How much did Finland read?

30 January 2014 | In the news

hirvisaariThe book year 2013 showed an overall decrease – again: now for the fifth time – in book sales: 2.3 per cent less than in 2012. Fiction for adults and children as well as non-fiction sold 3–5 per cent less, whereas textbooks sold 4 per cent more, as did paperbacks, 2 per cent. The results were published by the Finnish Book Publishers’ Association on 28 January.

The overall best-seller on the Finnish fiction list in 2013 was Me, Keisarinna (‘We, tsarina’, Otava), a novel about Catherine the Great by Laila Hirvisaari. Hirvisaari is a queen of editions with her historical novels mainly focusing on women’s lives and Karelia: her 40 novels have sold four million copies.

However, her latest book sold less well than usual, with 62,800 copies. This was much less than the two best-selling novels of 2012: both the Finlandia Prize winner, Is, Jää (‘Ice’) by Ulla-Lena Lundberg, and the latest book by Sofi Oksanen, Kun kyyhkyset katosivat (‘When the doves disappeared’), sold more than 100,000 copies.

The winner of the 2013 Finlandia Prize for Fiction, Riikka Pelo’s Jokapäiväinen elämämme (‘Our everyday life’, Teos) sold 45,300 copies and was at fourth place on the list. Pauliina Rauhala’s first novel, Taivaslaulu (‘Heaven song’, Gummerus), about the problems of a young couple within a religious revivalist movement that bans family planning was, slightly surprisingly, number nine with almost 30,000 copies.

The best-selling translated fiction list was – not surprisingly – dominated by crime literature: number one was Dan Brown’s Inferno, with 60,400 copies.

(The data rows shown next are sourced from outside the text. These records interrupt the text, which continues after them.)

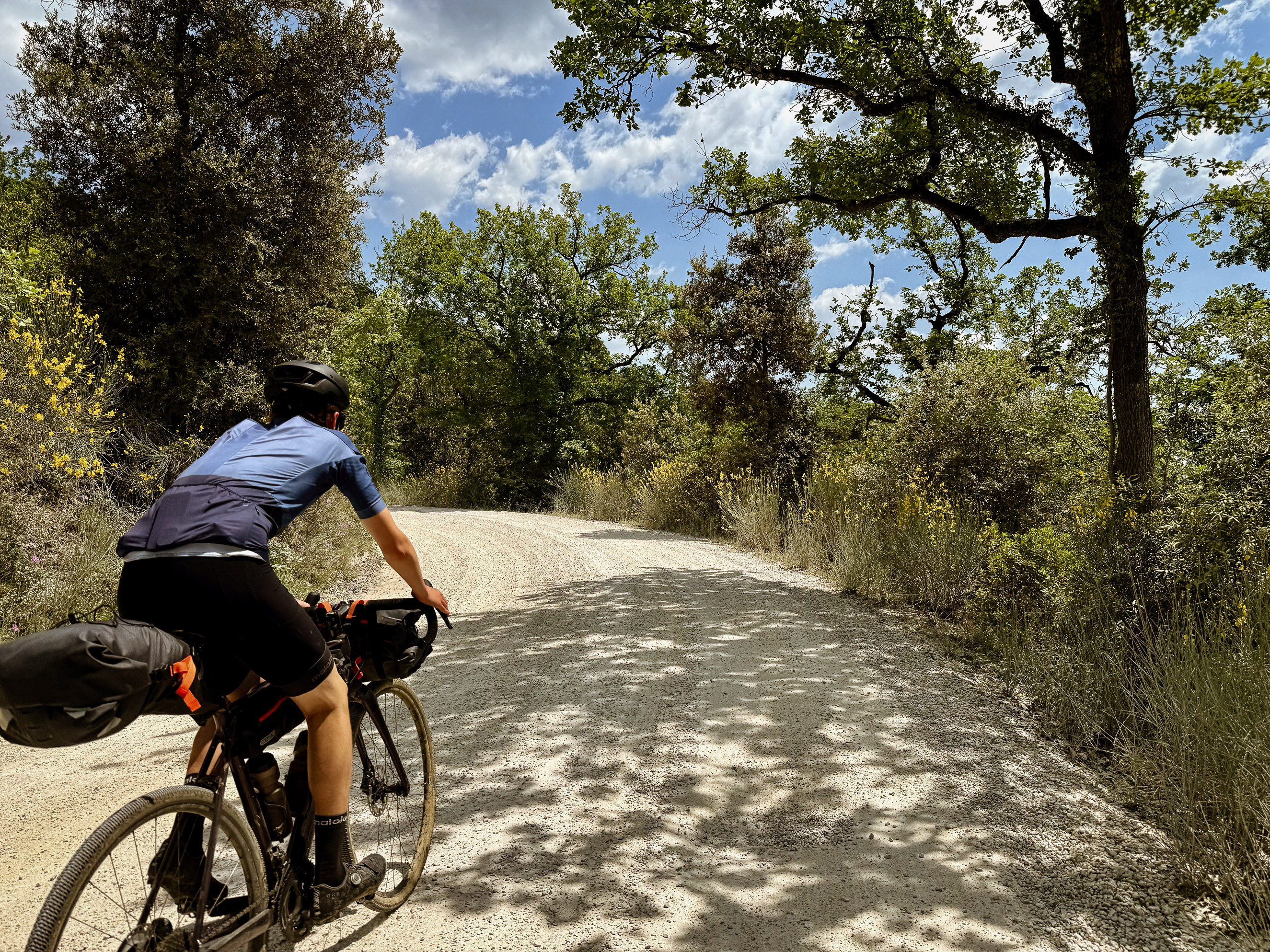 outville bikepacking bologna rom-227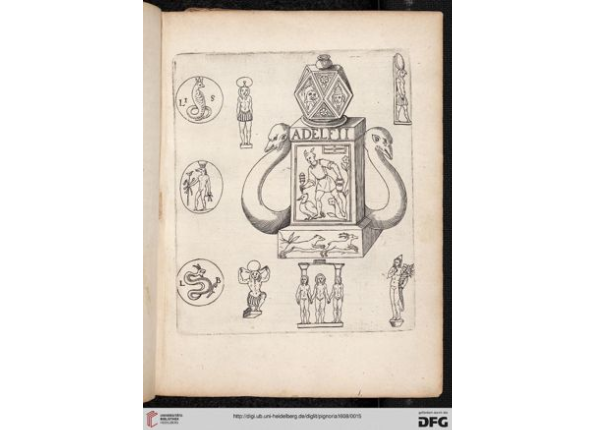 openseadragon-render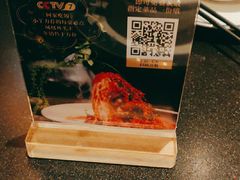 -凤凰湘语·湘粤鲜融(浦东旗舰店)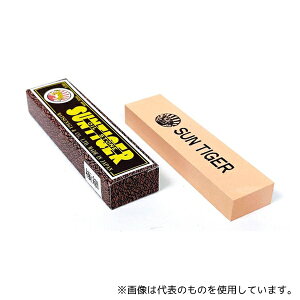 igCV u  ɍז 100×25×13mm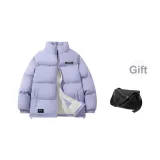 Мист Пурпурный [Сумка через плечо включена]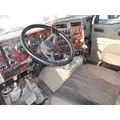 INTERNATIONAL 9200I Cab Assembly thumbnail 2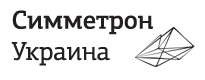 SMMETRON-UKRAINA, LTD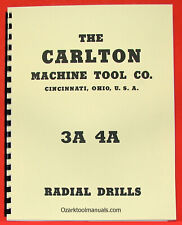 CARLTON 3A e 4A Trapano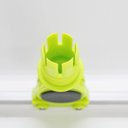 Ver imagem 4 de Rodo de Silicone P Daxxen® - Akora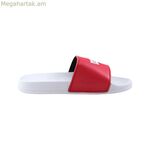 Մանկական լողազգեստներ Levi's LEVIS POOL VPOL0187 Կարմիր, Մուգ Կապույտ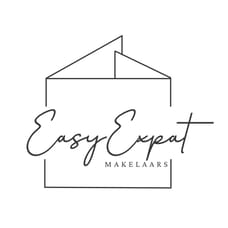 EasyExpat Makelaars 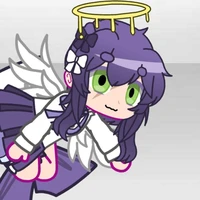 Yuri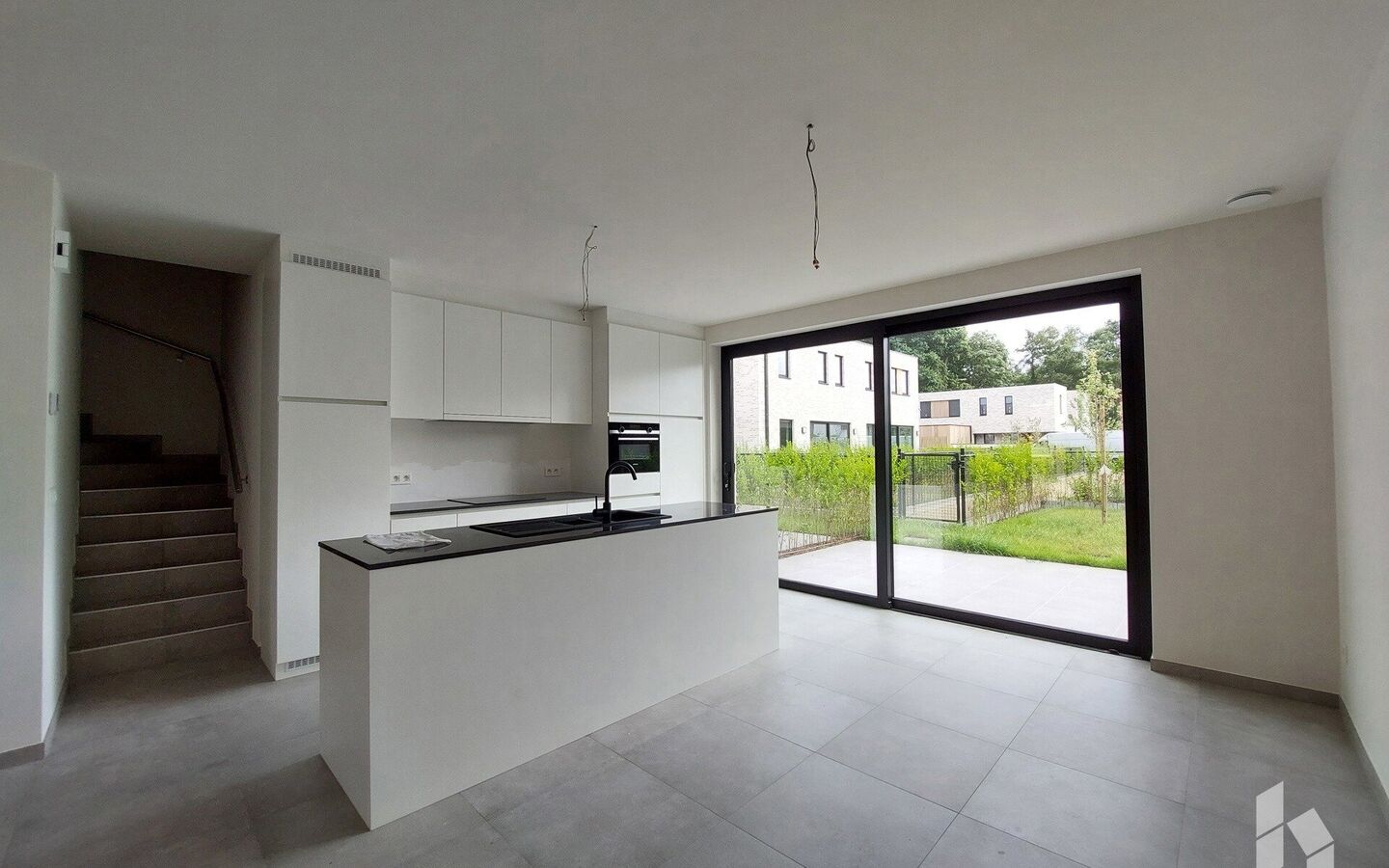 Huis te huur in Meerhout
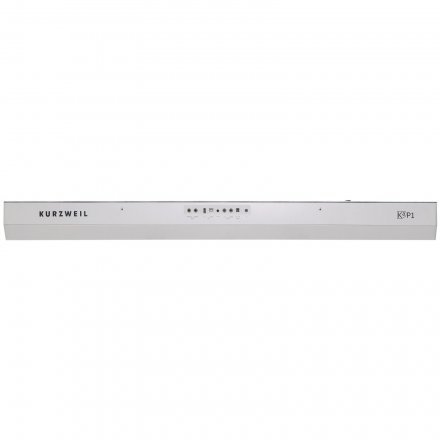 Цифрове піаніно  - Фото №159206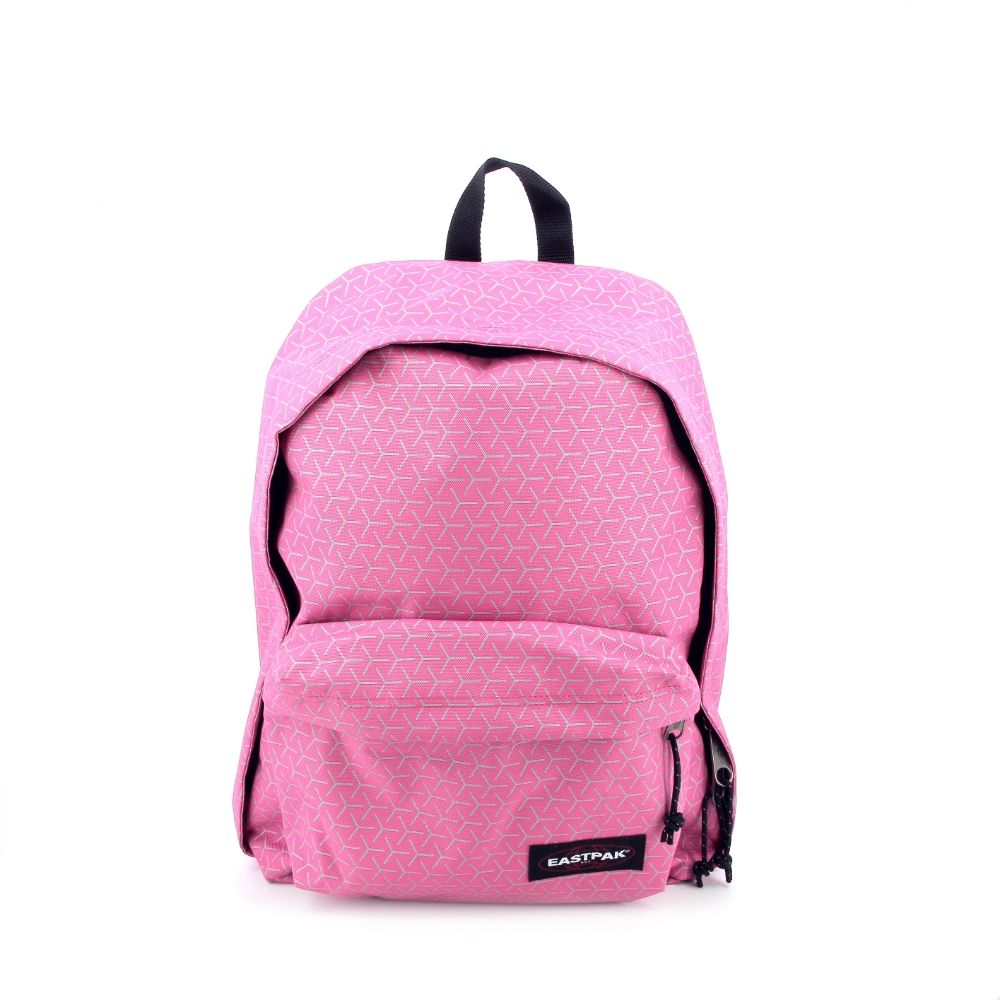 Eastpak Out Of Office 236274 roze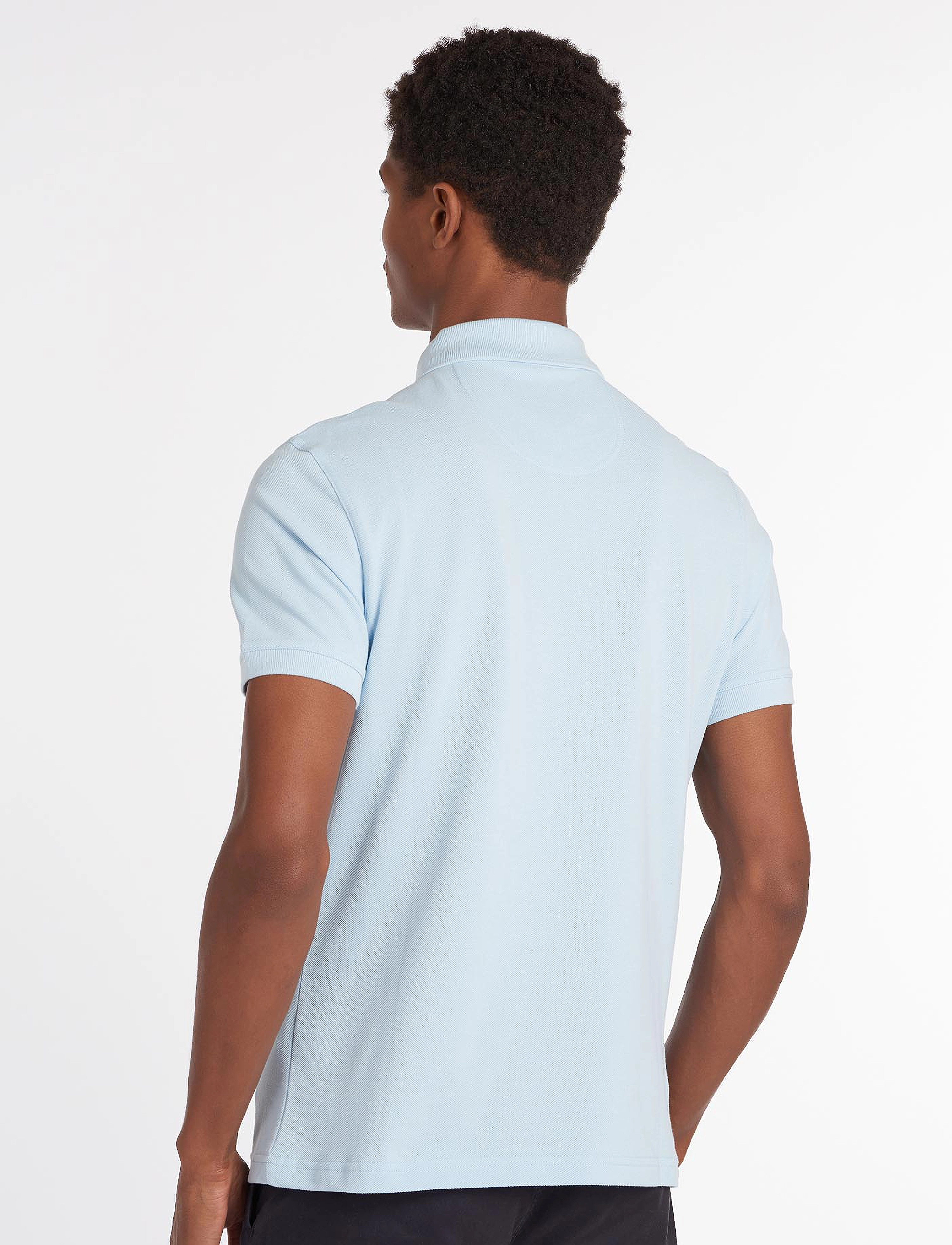 Og Sports Polo 3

Number one on the non-fiction list was, also not surprisingly, Guinness World Records with 35,700 copies. Next came a biography of Nokia man Jorma Ollila. The winner of the Finlandia Prize for Non-Fiction, Murtuneet mielet (‘Broken minds’, WSOY), sold 22,600 copies and was number seven on the list.

Eight books by the illustrator and comics writer Mauri Kunnas featured on the list of best-selling books for children and young people, with 105,000 copies sold. At 19th place was an Angry Birds book by Rovio Enterntainment. The winner of the Finlandia Junior Prize, Poika joka menetti muistinsa (‘The boy who lost his memory’, Otava), was at fifth place.

Kunnas was also number one on the Finnish comic books list – with his version of a 1960s rock band suspiciously reminiscent of the Rolling Stones – which added 12,400 copies to the figure of 105,000.

The best-selling e-book turned was a Fingerpori series comic book by Pertti Jarla: 13,700 copies. The sales of e-books are still very modest in Finland, despite the fact that the number of ten best-selling e-books, 87,000, grew from 2012 by 35,000 copies.

The cold fact is that Finns are buying fewer printed books. What can be done? Writing and publishing better and/or more interesting books and selling them more efficiently? Or is this just something we will have to accept in an era when books will have less and less significance in our lives?